_Exercise details:_ Write out the lines below once more, exactly as they appear. Do not include pictures.

_Data shown:_
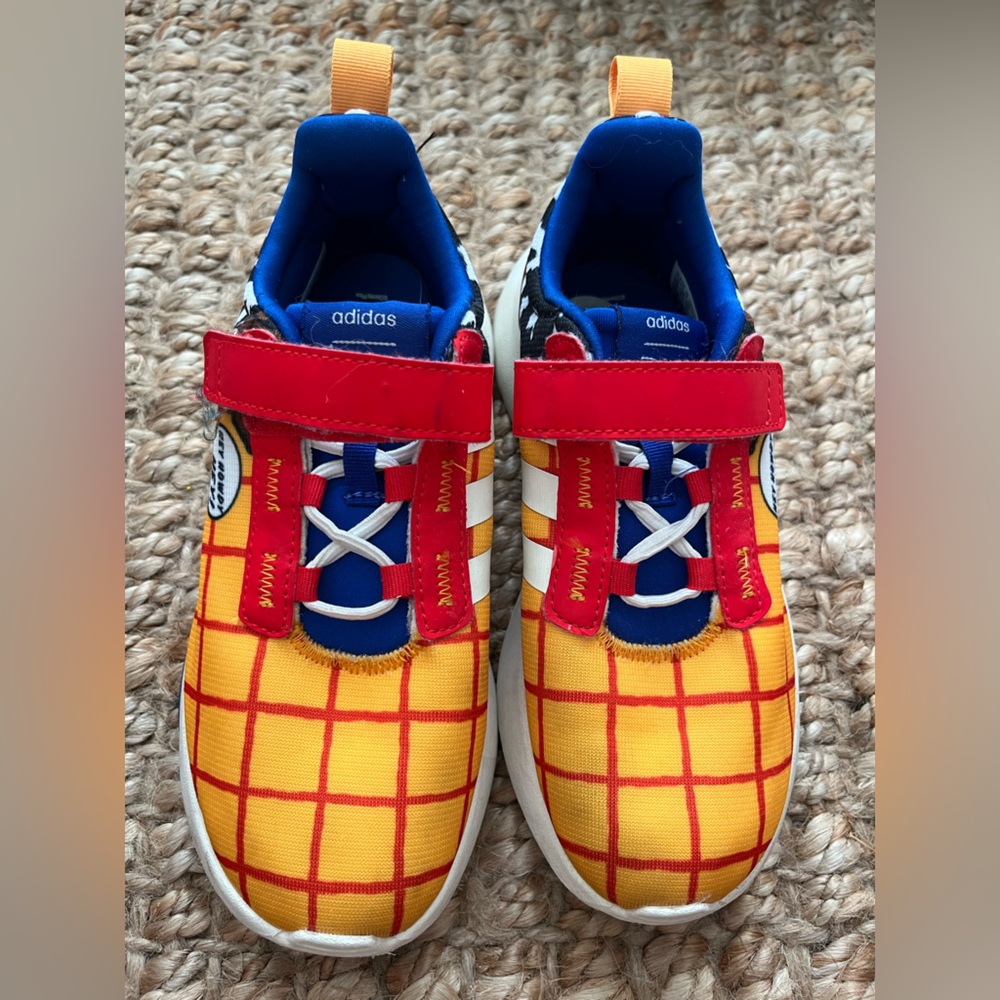 Disney Toy Story Adidas Woody Sneakers size 13 K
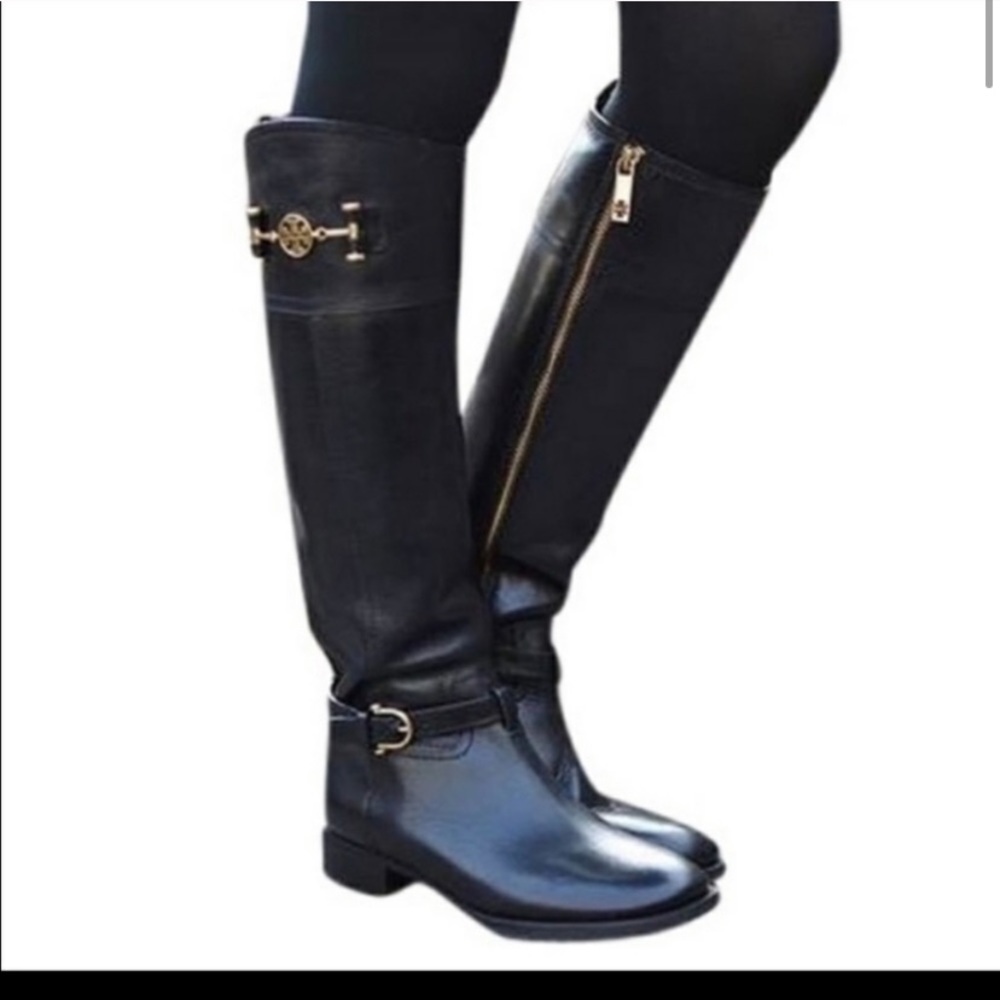 Tory Burch Nadine Riding Boots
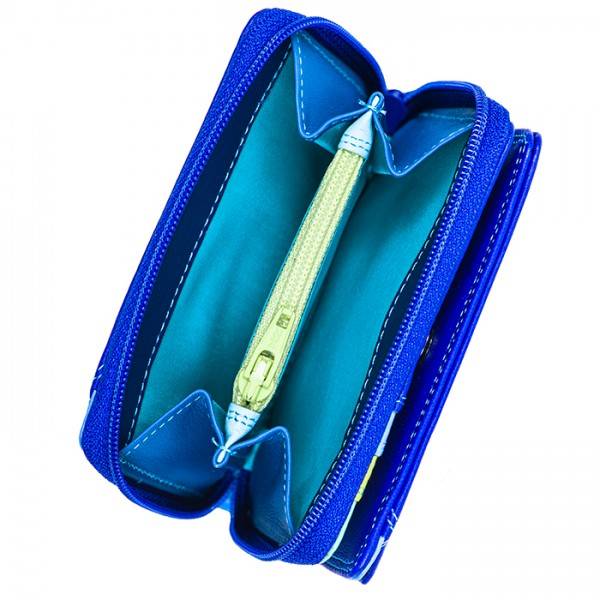 Mywalit Portafoglio con zip piccolo Seascape Italia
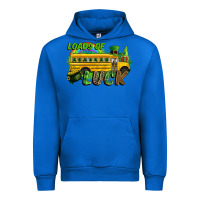 Cobalt Loads of luck School bus Urban Hoodie - CowGirlArtShop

_Task answer:_
 Disney Toy Story Adidas Woody Sneakers size 13 K
 Tory Burch Nadine Riding Boots
 Mywalit Portafoglio con zip piccolo Seascape Italia
 Cobalt Loads of luck School bus Urban Hoodie - CowGirlArtShop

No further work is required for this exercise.